# Stephen Colbert & other Sil reading celebs



## Confusticated (Dec 4, 2009)

8 minutes into this video the subject of Middle-earth is raised.

Http://www.dailymotion.com/video/x7uvw_colbert-on-obrian_events

When this segment of Conan O'brian aired a few years ago, I became so excited while viewing it that I was made fun of. 

But how often do you learn that a popular tv personality that you enjoy has read The Silmarillion on your favorite late night talk show?

Which other famous people are fans of The Silmarillion?

Ps- Apologies for giving URL but no link - not using an actual computer


----------



## musicofainur (Dec 21, 2009)

Thanks for the link.
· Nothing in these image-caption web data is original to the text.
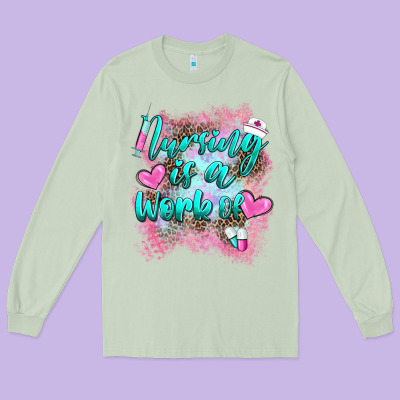 Nursing Is A Work Of Long Sleeve Tee Designed By Barkaloodesign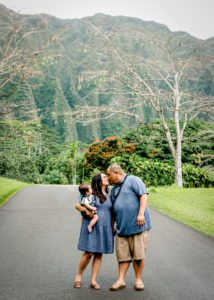 Family on road in front of ko'olau mountains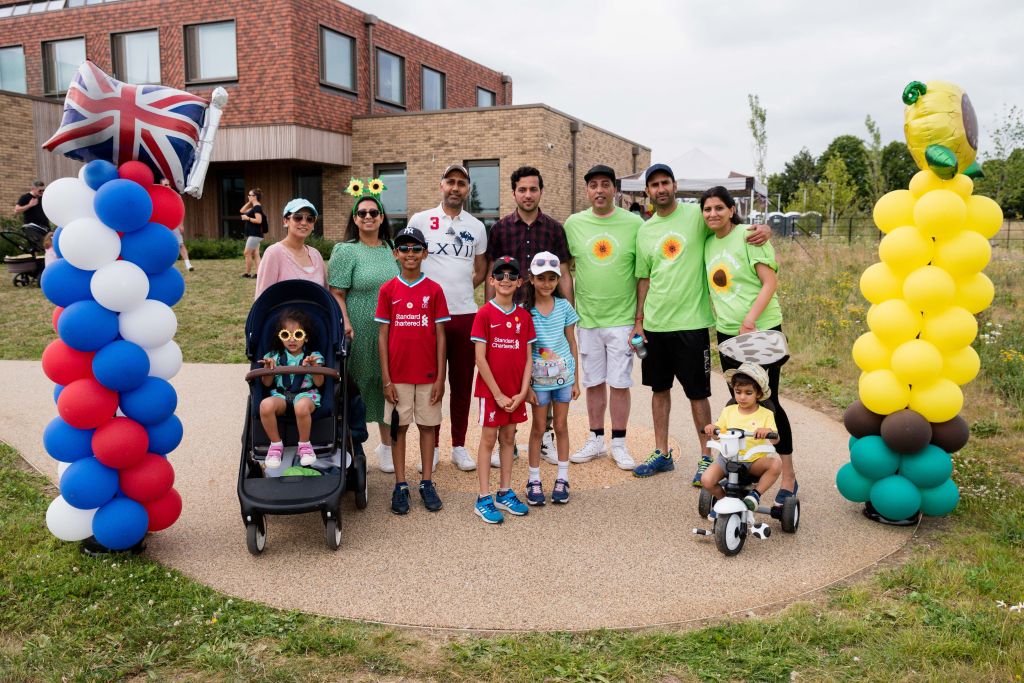 Family enjoying the Sunflower Walk at Thames Hospice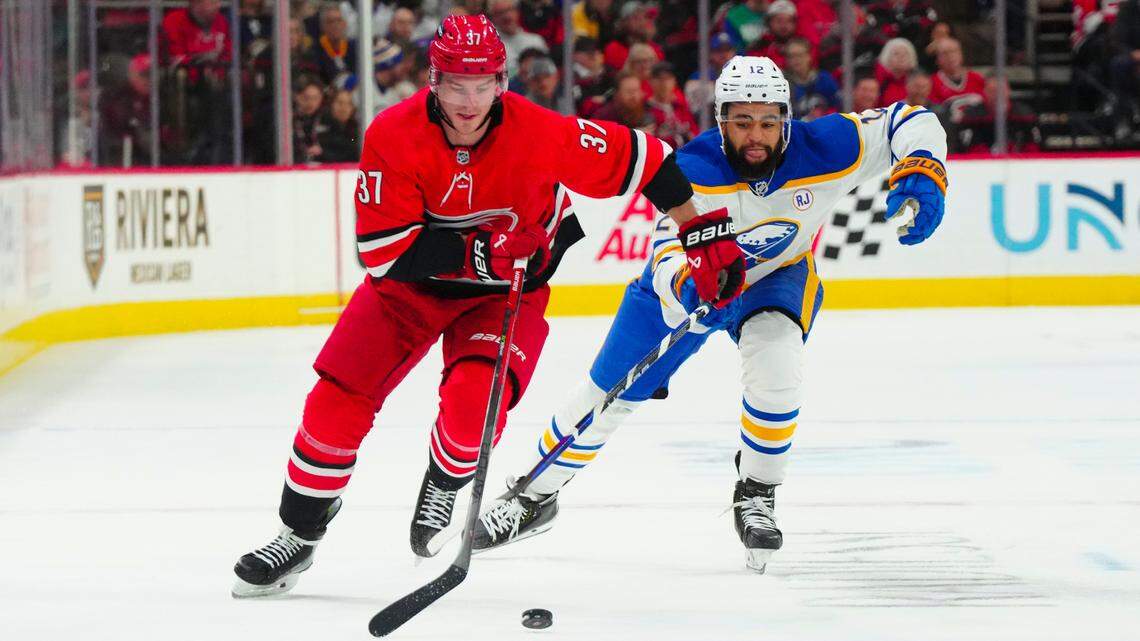 Carolina Hurricanes right wing Andrei Svechnikov (37) skates with the puck past Buffalo Sabres left wing Jordan Greenway (12) during the first period at PNC Arena.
I am yet to finish The Silmarillion, so I had no idea what Colbert was stating was true or not. Is it? 

The only celebrity who is a fan of Tolkien that I know of is Christopher Lee and I believe he has read The Sil.


----------



## Jorge of Harad (Dec 22, 2009)

Colbert often has little references to Tolkien, Star Wars, Dungeons and Dragons and so on on his show. He's not a closet-geek, he's very open about it. Anyone seen the episode of the show where Viggo appears AS Aragorn?

He's also a long-time gamer.


----------



## Confusticated (Dec 24, 2009)

I did not see Aragorn visit Colbert, I hope to find on youtube. Welcome to tthe forum Jorge.


Same to you Musicofainure,and yes what he said was true. Be sure to let us all know how you like the Sil.


----------